**YOUR TASK**
Copy out every line of the data exactly; do not include the images.

**COLLECTED MATERIAL**
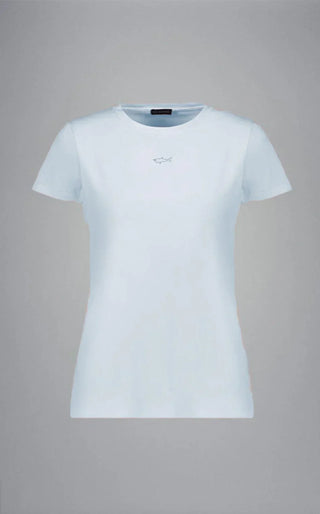 Paul & Shark Ladies - T-shirt manches courtes de coton avec requin Swarovski pour femme - LE CAPITAINE D'A BORD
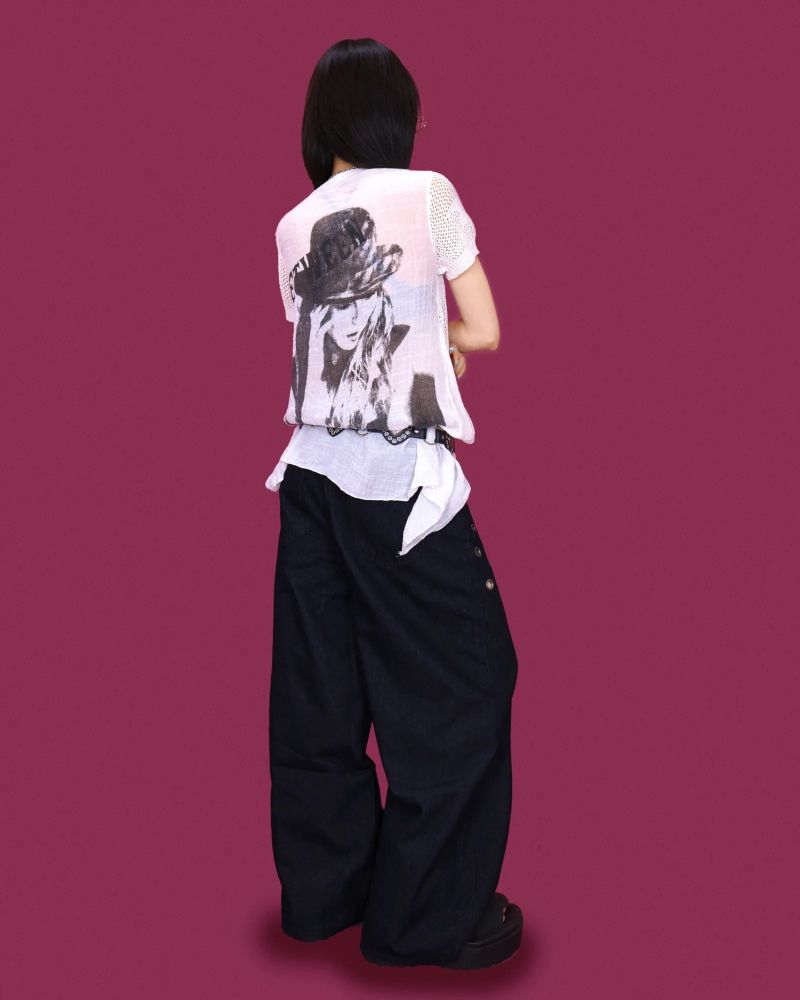 shot eyelet chain wide pants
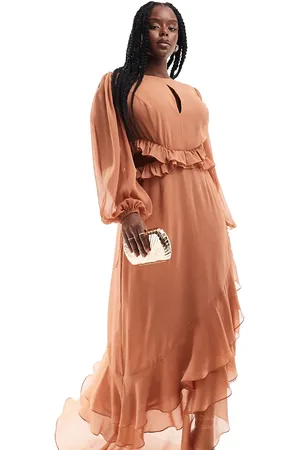 Pretty Lavish Cut-out ruffle maxi dress in sienna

**RESULT OF THE EXERCISE**
 Paul & Shark Ladies - T-shirt manches courtes de coton avec requin Swarovski pour femme - LE CAPITAINE D'A BORD
 shot eyelet chain wide pants
 Pretty Lavish Cut-out ruffle maxi dress in sienna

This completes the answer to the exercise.